Vazquez struggled in his return to New York in 2010. He finished the season working sparingly out of the bullpen after posting a 10-10 record over 157.1 innings pitched with a 5.32 ERA, 80 ERA+, and a career high 3.7 BB/9. His performance was such a disappointment that he would be completely left off of the playoff rosters and there is virtually no chance the Yankees will look to resign him this offseason.

Coming to New York with Vazquez was left-handed reliever Boone Logan. Logan had spent three years working out of the Chicago White Sox bullpen and a year in Atlanta’s before the trade with very mixed results. He had always shown a tendency for good strikeout rates (career 7.2 K/9) but allowed far too many walks (career 4.1 BB/9). Logan had never truly developed into a viable role player and was largely looked at as a throw in to the deal.

However, Logan flourished once arriving in New York despite getting off to a slow start. Over 40.0 innings of work he’d post a 2-0 record, 8.6 K/9, and a career low 2.93 ERA (147 ERA+). More importantly he developed into the Yankees’ primary left-handed option as the season progressed.

In exchange for the two pitchers, the Braves would receive three players and approximately $8 Million in salary relief which they would greatly need. The extra savings allowed them the flexibility to make some moves midseason that helped get the team to the playoffs in 2010, sending outgoing manager Bobby Cox into retirement in style.
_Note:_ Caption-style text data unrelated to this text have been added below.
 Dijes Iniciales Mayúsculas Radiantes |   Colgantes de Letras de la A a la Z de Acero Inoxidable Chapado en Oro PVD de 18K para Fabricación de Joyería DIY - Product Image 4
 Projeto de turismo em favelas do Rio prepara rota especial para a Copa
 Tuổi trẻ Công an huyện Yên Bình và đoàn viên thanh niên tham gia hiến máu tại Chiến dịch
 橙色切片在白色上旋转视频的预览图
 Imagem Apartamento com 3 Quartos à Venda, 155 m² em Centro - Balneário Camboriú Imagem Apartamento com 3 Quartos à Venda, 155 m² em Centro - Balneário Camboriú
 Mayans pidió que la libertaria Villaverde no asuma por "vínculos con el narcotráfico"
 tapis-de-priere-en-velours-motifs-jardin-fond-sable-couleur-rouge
One of the team’s biggest needs last winter was another outfielder to add to the mix that could provide some versatility and pop. Melky Cabrera certainly provided the versatility portion of that, spending time in all three outfield positions over his career. His defense isn’t Gold Glove worthy at any position but he isn’t a major liability in the field either. Offensively Cabrera struggled to one of the worst seasons of his career. In just over 500 plate appearances he’d post a .255/.317/.354 line (83 OPS+) with just 4 HRs and 42 RBIs.
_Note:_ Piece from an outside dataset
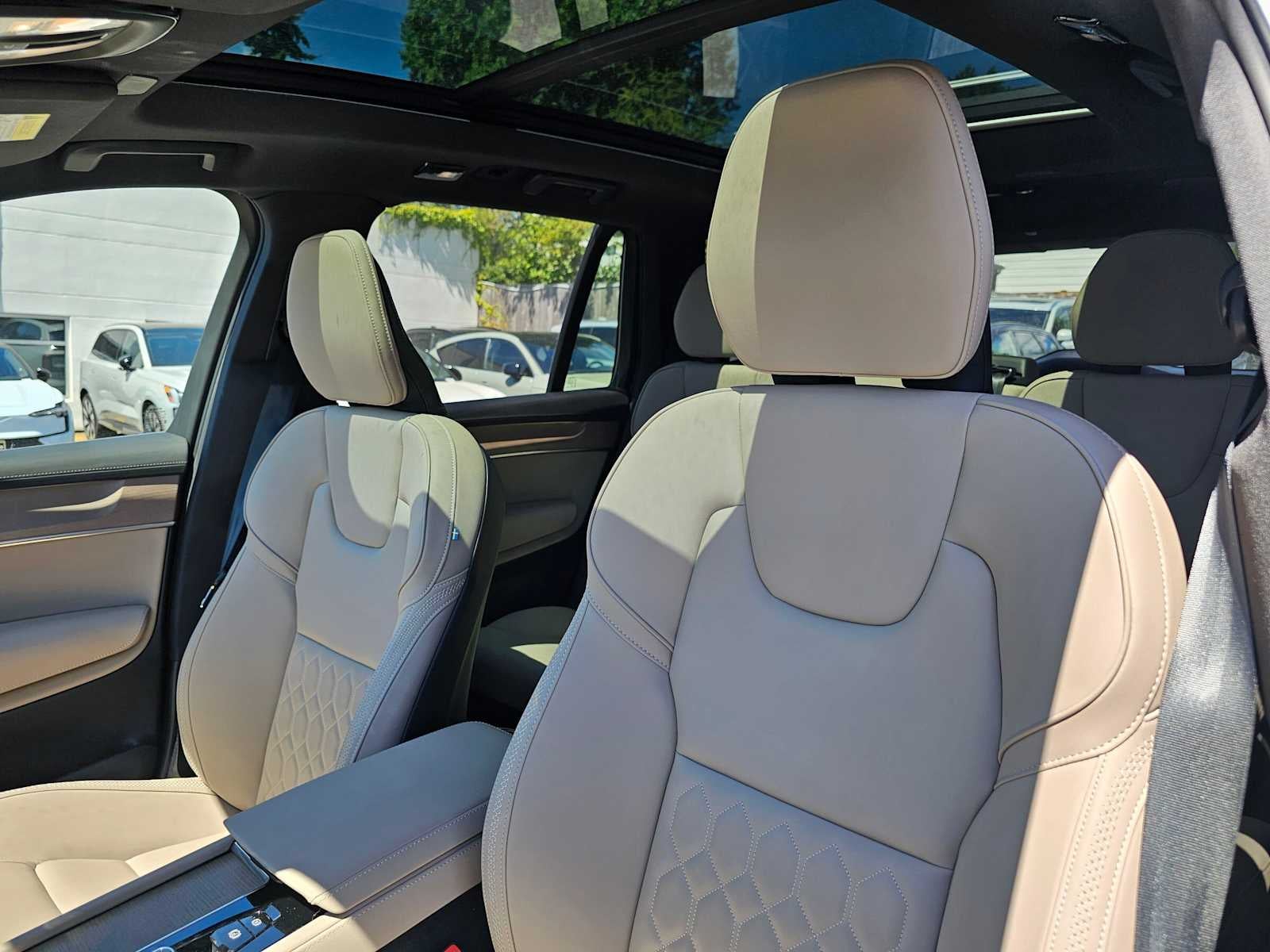 2026 Volvo XC90 Plus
Cabrera was released today by the Braves in a move that frees them up to pursue an outfielder over the winter. The team will likely seek someone with a little more power to fill the void they’ll now have in their outfield alongside Jason Heyward and Nate McClouth. Jordan Schafer will be one option who presumably can give them equal or better production than Cabrera for a lower cost.

With Cabrera the Braves received a pair of minor league pitchers in left-hander Michael Dunn and right-hander Arodys Vizcaino. Dunn is the more advanced of the two, having spent most of this past season at AAA Gwinnet. He did, however, make 25 appearances for Atlanta in the second half of the season, working a total of 19.0 innings. In that time he did post a 2-0 record and 1.89 ERA (210 ERA+) but his peripherals were a mixed bag. Dunn did strike out 27 batters (12.8 K/9) but did walk 17 (8.1 BB/9). Control hasn’t been quite the issue for Dunn in the minors but he’s at least given Braves fan some hope for what he can offer in the future working out of their bullpen in front of Johnny Venters and Craig Kimbrel.
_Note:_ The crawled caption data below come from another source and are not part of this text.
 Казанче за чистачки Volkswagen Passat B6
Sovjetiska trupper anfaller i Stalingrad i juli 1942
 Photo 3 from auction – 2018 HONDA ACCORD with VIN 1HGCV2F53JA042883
Vizcaino was the top prospect involved in the deal by an easy margin. Baseball America ranked him #69 in their 2010 Top 100 listing and he’ll likely be in the Top 100 again when the next listing is released. Overall this past season he went 9-4 in 17 starts with a 2.74 ERA and strong peripheral numbers. His season was cut short due to an elbow injury in June which has some concerned about his long term future. Many scouts project him to be a mid-rotation starter once (and if) he reaches the Majors.

The trade between the Yankees and Braves is one that most critics felt was won by the Braves at the time it was consummated. After a year has passed we see that Cabrera is already on the free agent market and Vazquez will soon be joining him. The performances and potential of Logan and Dunn can be considered a wash. But ultimately, things still seem to favor the Braves in the grand scheme of things considering they also received Vizcaino and a great deal of salary relief that they sorely needed. Of course, if the Yankees win the World Series again this year and Logan is a vital part of that victory that could sway some of the critics but time will tell. Just as time will tell what kind of pitcher Vizcaino turns out to be.